A taxpayer who was asked to pay a tax bill, which had been postponed for eight years, had a reasonable excuse for not being able to produce the full amount due within 28 days.
The reasons behind accelerated payment notices (APNs) were explored by Jacquelyn Kimber and Kirsty Horobin. The case of Peter Alleyne (TC06568) has shone some light on the difficulties which can arise when APNs are applied to tax disputes which have already been lingering over many years.
For HMRC to issue a valid APN, either:
- the tax in dispute must relate to a DOTAS scheme; or
- there must have been a “relevant” judgement (by either the Supreme Court or a lesser court where onward appeal is no longer available) whose principles, if applied to the taxpayer’s case, would invalidate his claim that the tax is not due. In such cases, HMRC must issue a follower notice (FN) before issuing the APN.
Effect of APN
The issue of an APN automatically un-postpones any of the relevant tax which was already postponed, and prevents any subsequent postponement of that tax. Even though the appeal against the tax due continues, the tax becomes immediately payable (similar to the long-established VAT position).
Where the appeal relates to the year 2009/10 or earlier, failing to pay the tax charged on the APN within 28 days of the due date triggers a 5% surcharge under TMA 1970 s 59C, along with a further surcharge after six months.
Facts of the case
Alleyne joined a tax scheme operated by Montpelier Tax Consultants in the Isle of Man: he established an Isle of Man trust which was a member of an Isle of Man partnership which in turn hired out Alleyne’s services. The scheme, if successful, would have made his income exempt under the terms of the double taxation agreement.

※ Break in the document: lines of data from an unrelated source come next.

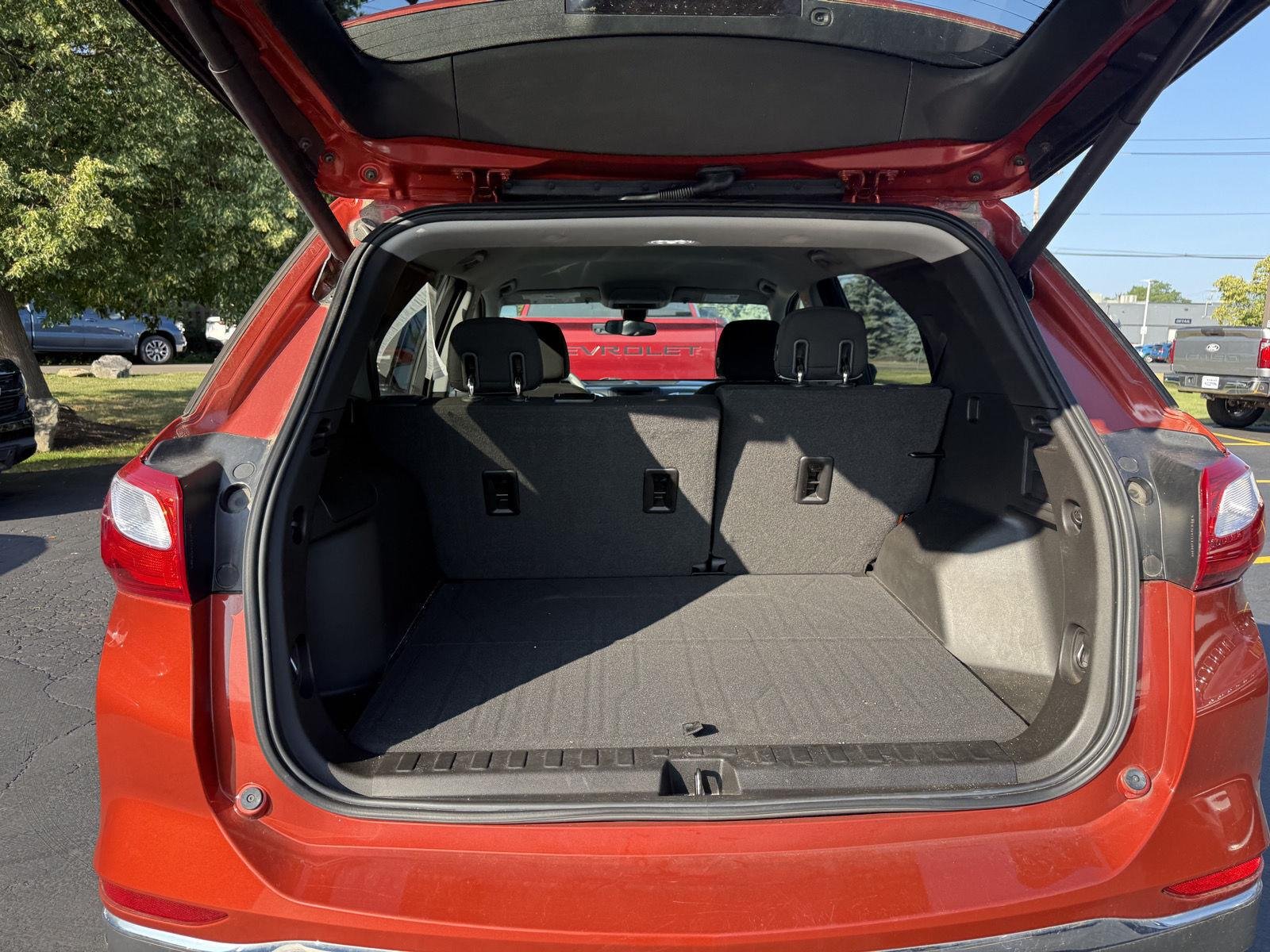 Used 2020 Cayenne Orange Metallic Chevrolet LT image 7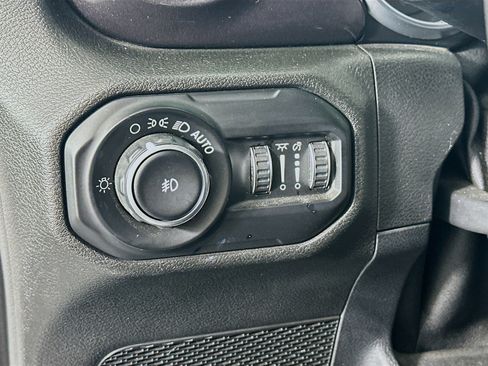 Used 2020 Jeep Wrangler Unlimited Sahara AWD/4WD image 17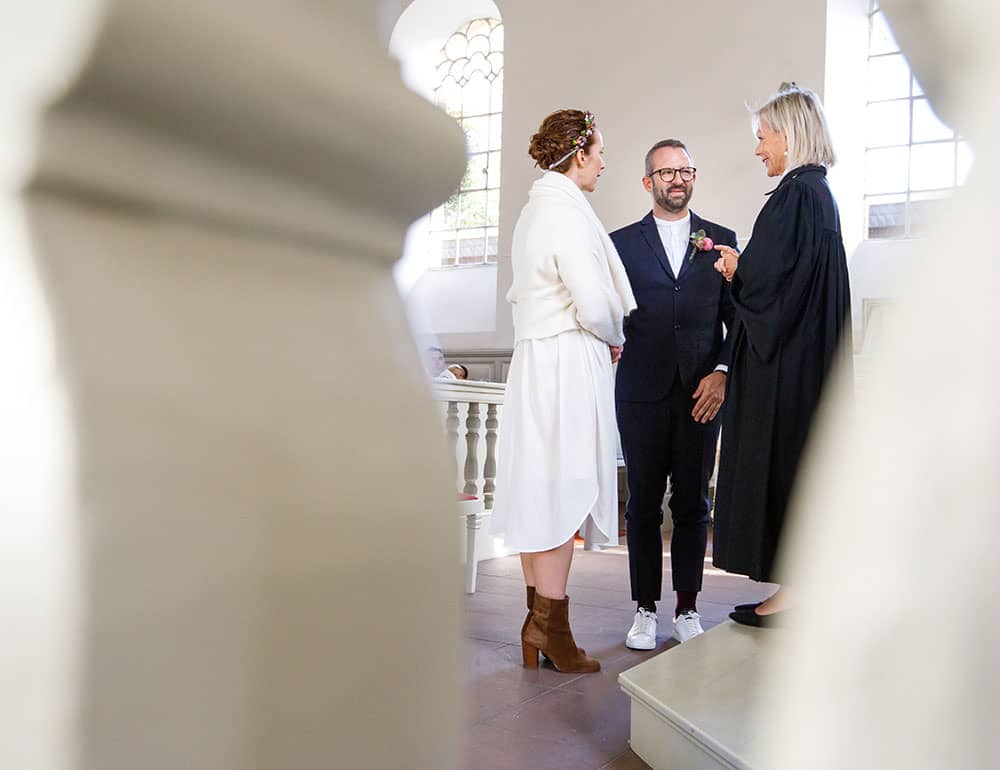 Hochzeitsfotograf Köln - Trauung fotografiert durch ein Geländer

Back in 2003, HMRC opened an enquiry into Alleyne’s 2001/02 tax return based on his membership of the scheme. Subsequent enquiries were opened for the tax years 2002/03, 2004/05, 2005/06 and 2006/07. Closure notices charging additional income tax for all five years were issued in 2009, which were appealed and all the tax was postponed.
Nothing happened until September 2015 when the FTT ruled in respect of another customer of the Montpelier scheme – Robert Huitson (TC04621) – that retrospective legislation (ITTOIA 2005, s 858) had made the tax planning ineffective and the partnership profits were taxable in the UK.
In November 2016, HMRC was now equipped with powers to issue APNs, together with a relevant judgement enabling them to issue Alleyne with a follower notice. Five APNs were sent to Alleyne. He made representations to HMRC, who confirmed the notices.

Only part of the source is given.